SOURCE MATERIAL:
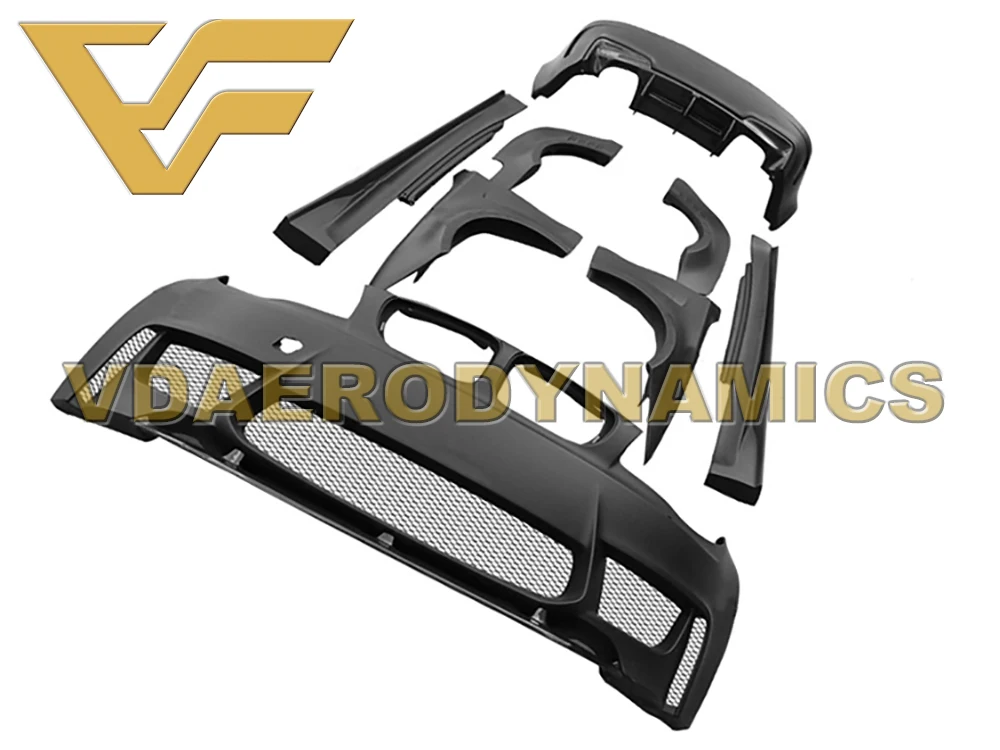 Подходит для 07 13 BMW 1 серии E82 E88 118d 120i 123d 125i 135i полный комплект с широким корпусом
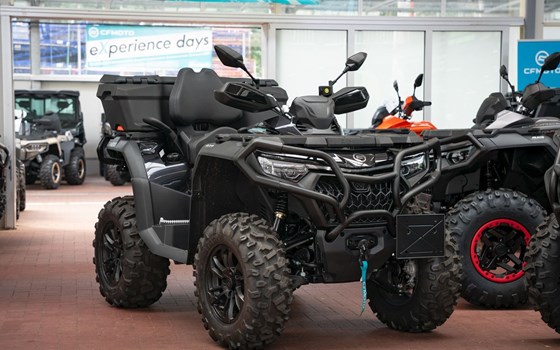 Gebrauchtmotorrad CFMOTO CFORCE 850 Touring - Bild 8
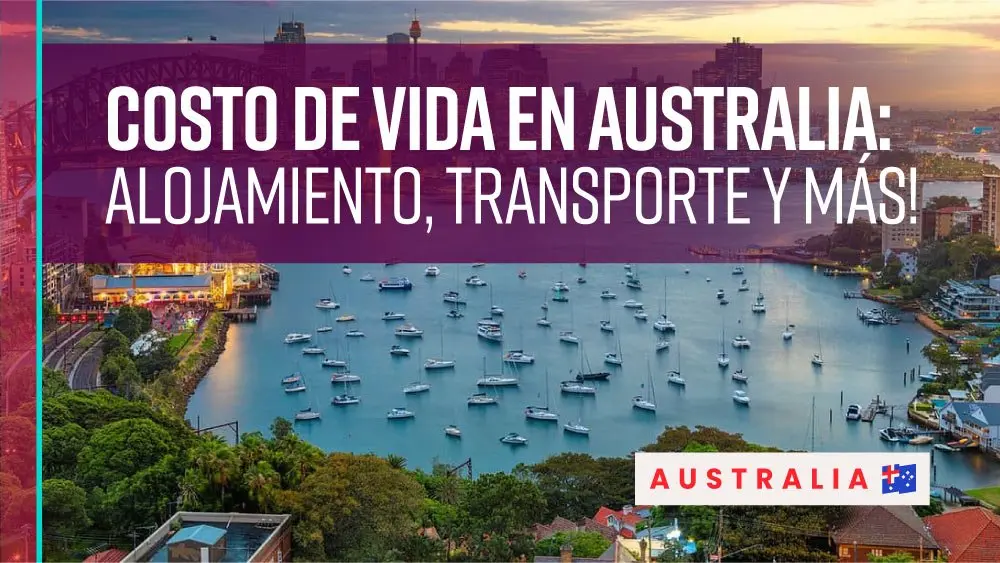 Vivir y alquilar en Australia: Guía para turistas y expatriados - Cuánto está el alquiler en Australia australia turismo viviendas - Cuánto está el alquiler en Australia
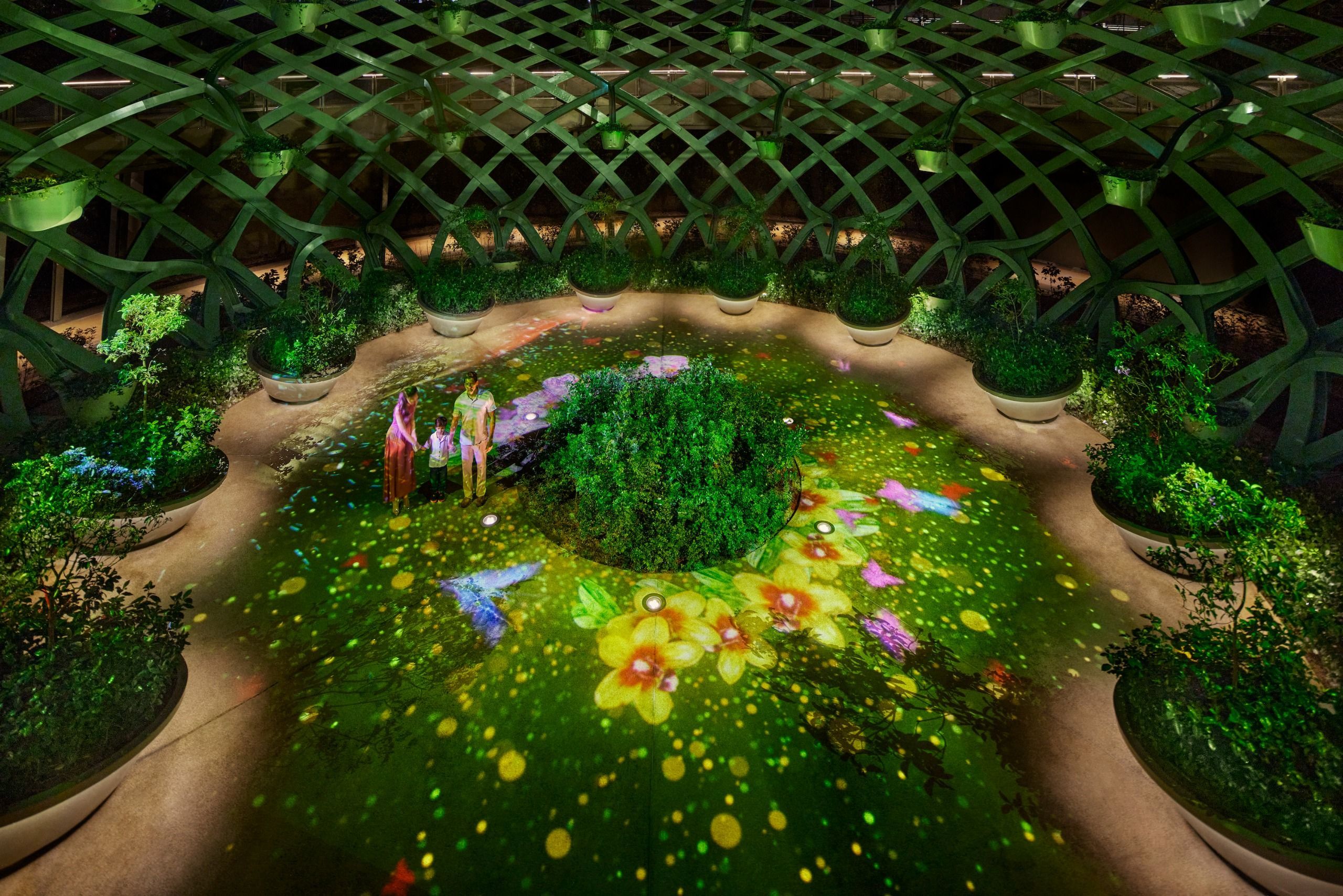 Everything You Can Do At The Newly Opened Sentosa Sensoryscape In Singapore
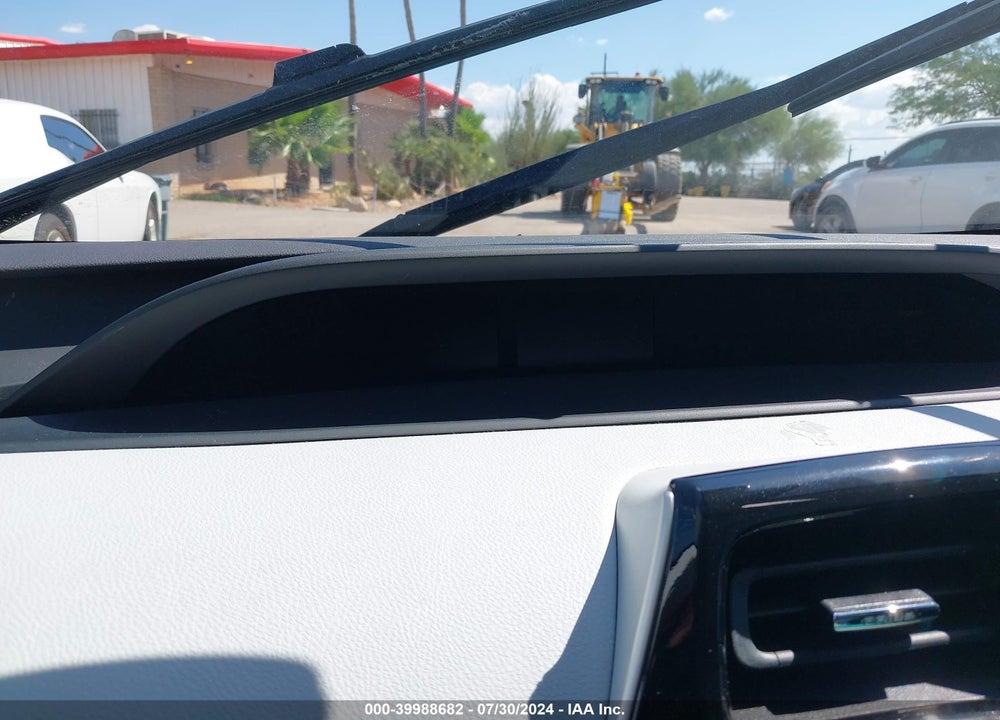 2017 TOYOTA PRIUS VIN: JTDKARFU6H3539074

WHAT IS REQUIRED:
All records above are to be repeated exactly, with the images left out.

SOLUTION TO THIS TASK:
 Подходит для 07 13 BMW 1 серии E82 E88 118d 120i 123d 125i 135i полный комплект с широким корпусом
 Gebrauchtmotorrad CFMOTO CFORCE 850 Touring - Bild 8
 Vivir y alquilar en Australia: Guía para turistas y expatriados - Cuánto está el alquiler en Australia australia turismo viviendas - Cuánto está el alquiler en Australia
 Everything You Can Do At The Newly Opened Sentosa Sensoryscape In Singapore
 2017 TOYOTA PRIUS VIN: JTDKARFU6H3539074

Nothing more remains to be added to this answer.